The measComp module comes with an example iocBoot/iocUSBCTR directory that contains and example startup script and example substitution files.

Databases 

The following tables list the database template files that are used with the USB-CTR04/08.

Digital I/O Functions 

These are the records defined in the following files:

measCompBinaryIn.template. This database is loaded once for each binary I/O bit.
measCompLongIn.template. This database is loaded once for each binary I/O register.
measCompBinaryOut.template. This database is loaded once for each binary I/O bit.
measCompLongOut.template. This database is loaded once for each binary I/O register.
measCompBinaryDir.template. This database is loaded once for each binary I/O bit.

EPICS record name	EPICS record type	asyn interface	drvInfo string	Description
$(P)$(R)	bi	asynUInt32Digital	DIGITAL_INPUT	Digital input value. The MASK parameter in the INP link defines which bit is used. The binary inputs are polled by the driver poller thread, so these records should have SCAN=”I/O Intr”.
$(P)$(R)	longin	asynUInt32Digital	DIGITAL_INPUT	Digital input value as a word, rather than individual bits. The MASK parameter in the INP link defines which bits are used. The binary inputs are polled by the driver poller thread, so this record should have SCAN=”I/O Intr”.
$(P)$(R)	bo	asynUInt32Digital	DIGITAL_OUTPUT	Digital output value. The MASK parameter in the INP link defines which bit is used.
$(P)$(R)_RBV	bi	asynUInt32Digital	DIGITAL_OUTPUT	Digital output value readback. The MASK parameter in the INP link defines which bit is used.
$(P)$(R)	longout	asynUInt32Digital	DIGITAL_OUTPUT	Digital output value as a word, rather than individual bits. The MASK parameter in the INP link defines which bits are used.
$(P)$(R)_RBV	longin	asynUInt32Digital	DIGITAL_OUTPUT	Digital output value readback as a word, rather than individual bits. The MASK parameter in the INP link defines which bits are used.
$(P)$(R)	bo	asynUInt32Digital	DIGITAL_DIRECTION	Direction of this I/O line, “In” (0) or “Out” (1). The MASK parameter in the INP link defines which bit is used.

Pulse Generator Functions 

Note: These are called “timers” in Measurement Computing’s documentation.

These are the records defined in measCompPulseGen.template. This database is loaded once for each pulse generator.

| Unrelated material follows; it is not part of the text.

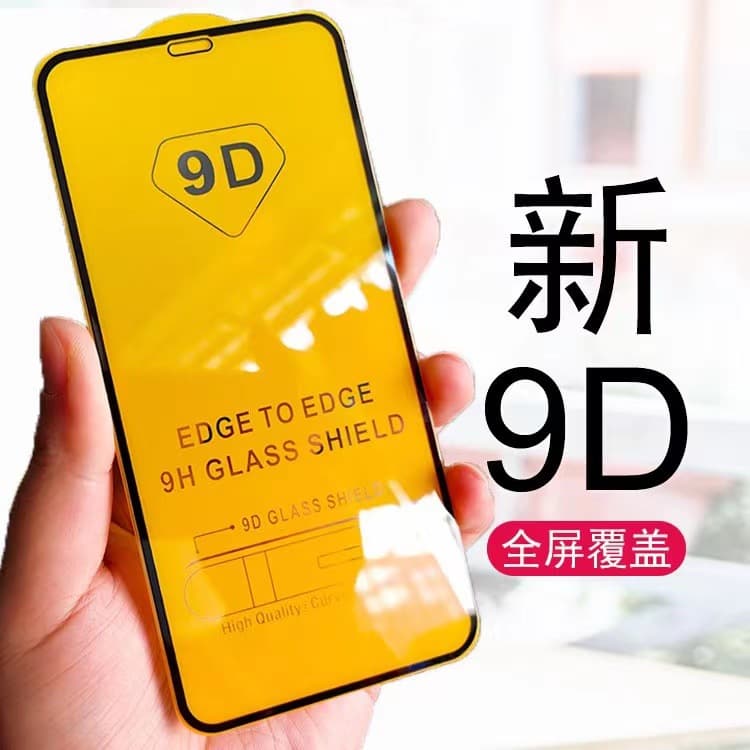 Compatible with iPhone 11 Tempered Glass Film, iPhone 13 Full Screen 9D Protective Film, iPhone 16, 15 Pro Max Screen Protector Wholesale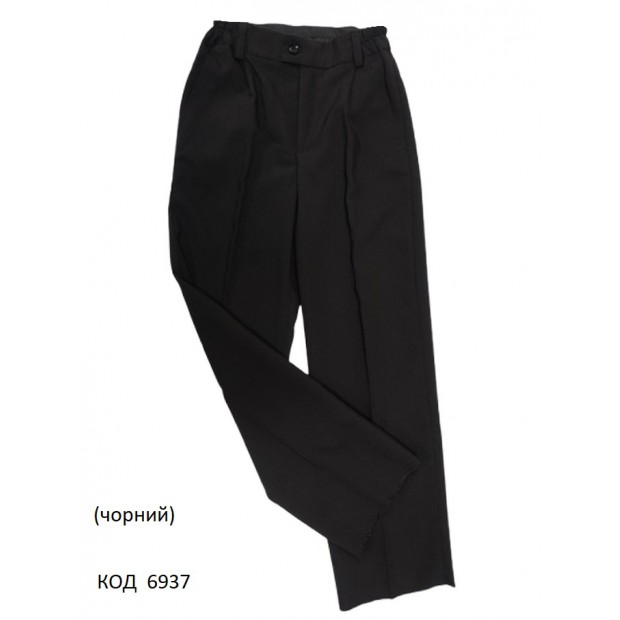 .Ukr Штани шкільні для хлопчика  СИНІЙ//ЧОРНИЙ   128-152 (32-40)  5 шт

EPICS record name	EPICS record type	asyn interface	drvInfo string	Description
$(P)$(R)Run	bo	asynUInt32	PULSE_RUN	“Run” (1) starts the pulse generator, “Stop” (0) stops the pulse generator. Note that ideally this record should go back to 0 when the pulse generator is done, if it is outputting a finite number of pulses (see Count record). But unfortunately the Measurement Computing library does not have a way to query the status of the timer to see if it is done, so this is not possible.
$(P)$(R)Period	ao	asynFloat64	PULSE_PERIOD	Pulse period, in seconds. The time between pulses can be defined either with the Period or with the Frequency; whenever one record is changed the other is updated with the new calculated value.
$(P)$(R)Frequency	ao	N.A.	N.A.	Pulse frequency, in seconds. The Frequency calculates a new value of the Period, and sends the period value to the driver.
$(P)$(R)Width	ao	asynFloat64	PULSE_WIDTH	Pulse width, in seconds. The allowed range is 15.625 ns to (Period-15.625 ns).
$(P)$(R)Delay	ao	asynFloat64	PULSE_DELAY	Initial pulse delay in seconds after Run is set to 1.
$(P)$(R)Count	longout	asynInt32	PULSE_COUNT	Number of pulses to output. If the Count is 0 then the pulse generator runs continuously until Run is set to 0.
$(P)$(R)IdleState	bo	asynInt32	PULSE_IDLE_STATE	The idle state of the pulse output line, “Low” (0) or “High” (1). This determines the polarity of the pulse, i.e. positive going or negative going.

Scaler Record Support 

The USBCTR driver supports the EPICS scaler record via the devScalerAsyn.c device support originally from the synApps std module but which has been moved into the scaler module. It supports up to 8 channels. The following wiring connections must be made in order for counters 1-8 to be stopped by counter 0, as is normally desired.

Counter 0 Output must be connected to the Gate input on Counters 1-7.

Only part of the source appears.